Dataset items
────────
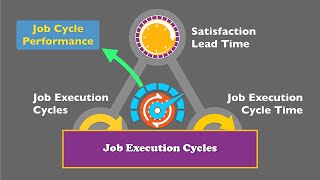S22 Job Execution Cycles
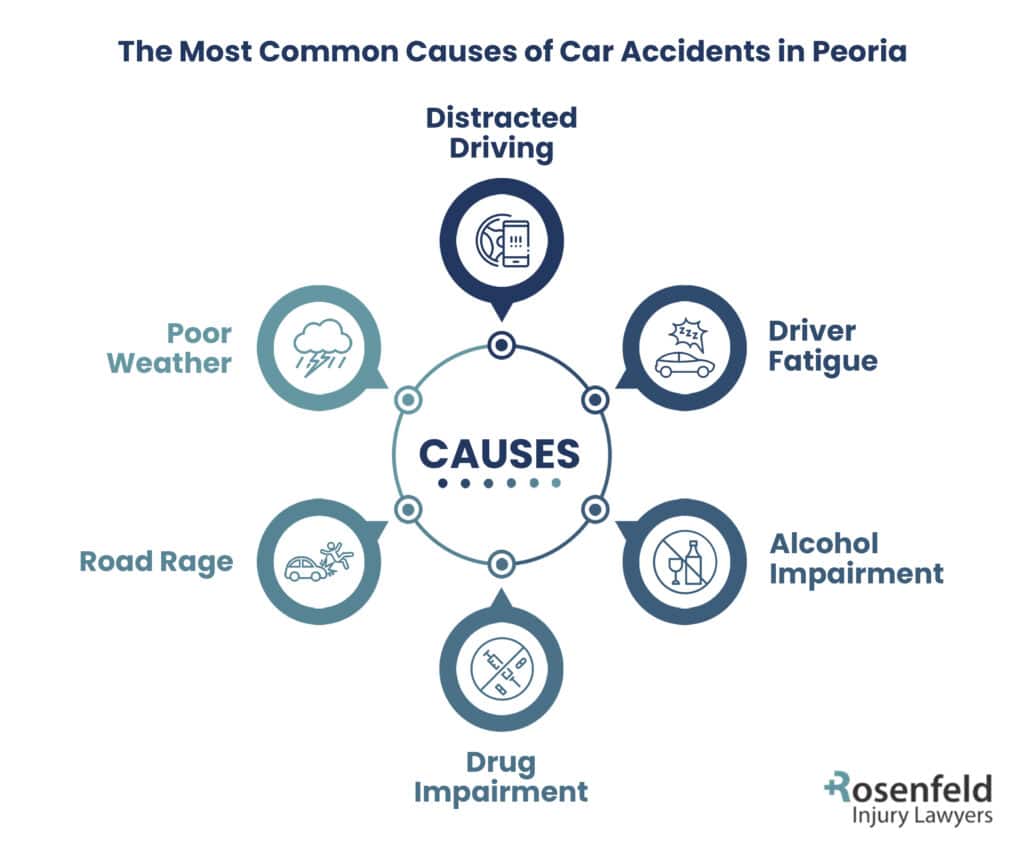 Peoria car accident causes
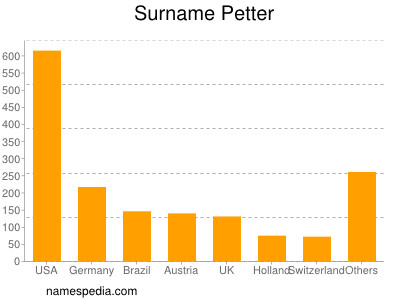 Familiennamen Petter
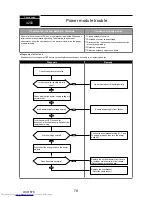 Предварительный просмотр 78 страницы Mitsubishi Electric PUMY-P112VKM1 Service Manual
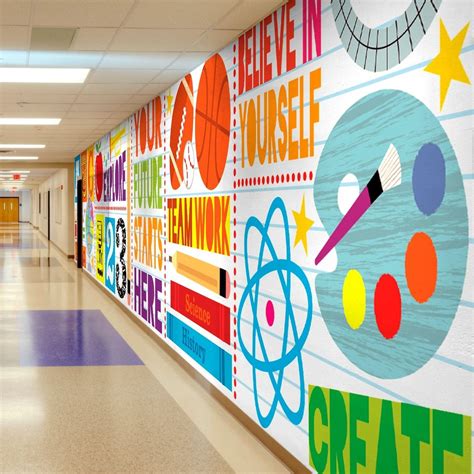 Photo Wall Murals - Your Complete Guide To Large Format Prints - muktibox.com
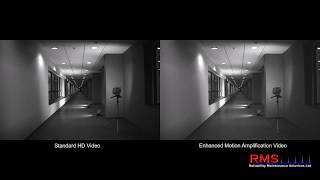 Structures   Motion Amplification   Building Vibration Problem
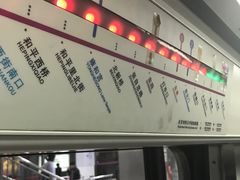 -天坛东门(地铁站)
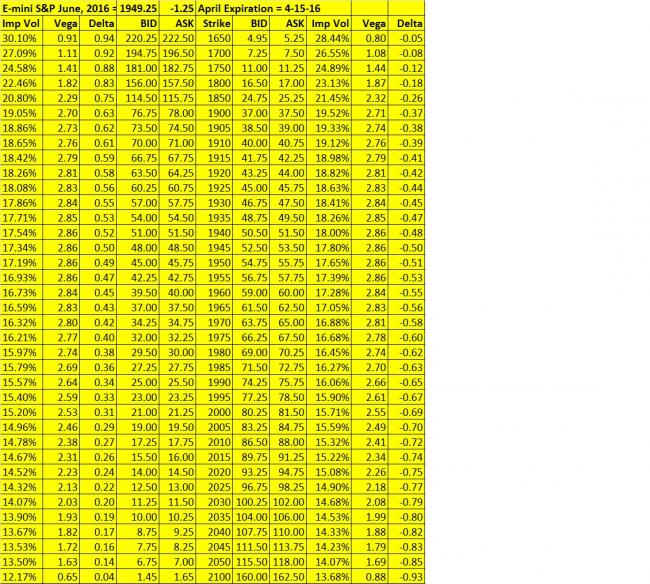 E-mini options trading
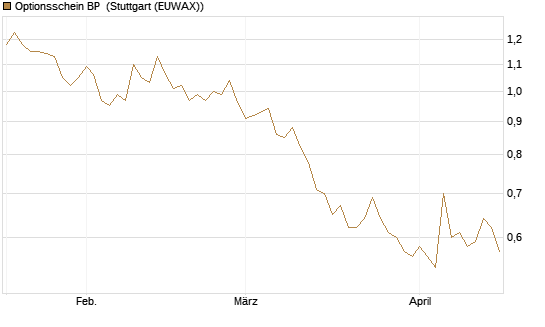 Optionsschein BP [Goldman Sachs Bank Europe SE] Chart
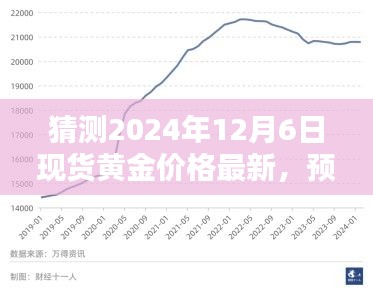 2024年12月6日现货黄金价格预测与走势分析，初学者与进阶用户指南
────────
- **What you will do**
All pictures are to be dropped, and the records above returned exactly.

- **Answer space**
S22 Job Execution Cycles
 Peoria car accident causes
 Familiennamen Petter
 Предварительный просмотр 78 страницы Mitsubishi Electric PUMY-P112VKM1 Service Manual
 Photo Wall Murals - Your Complete Guide To Large Format Prints - muktibox.com
 Structures   Motion Amplification   Building Vibration Problem
 -天坛东门(地铁站)
 E-mini options trading
 Optionsschein BP [Goldman Sachs Bank Europe SE] Chart
 2024年12月6日现货黄金价格预测与走势分析，初学者与进阶用户指南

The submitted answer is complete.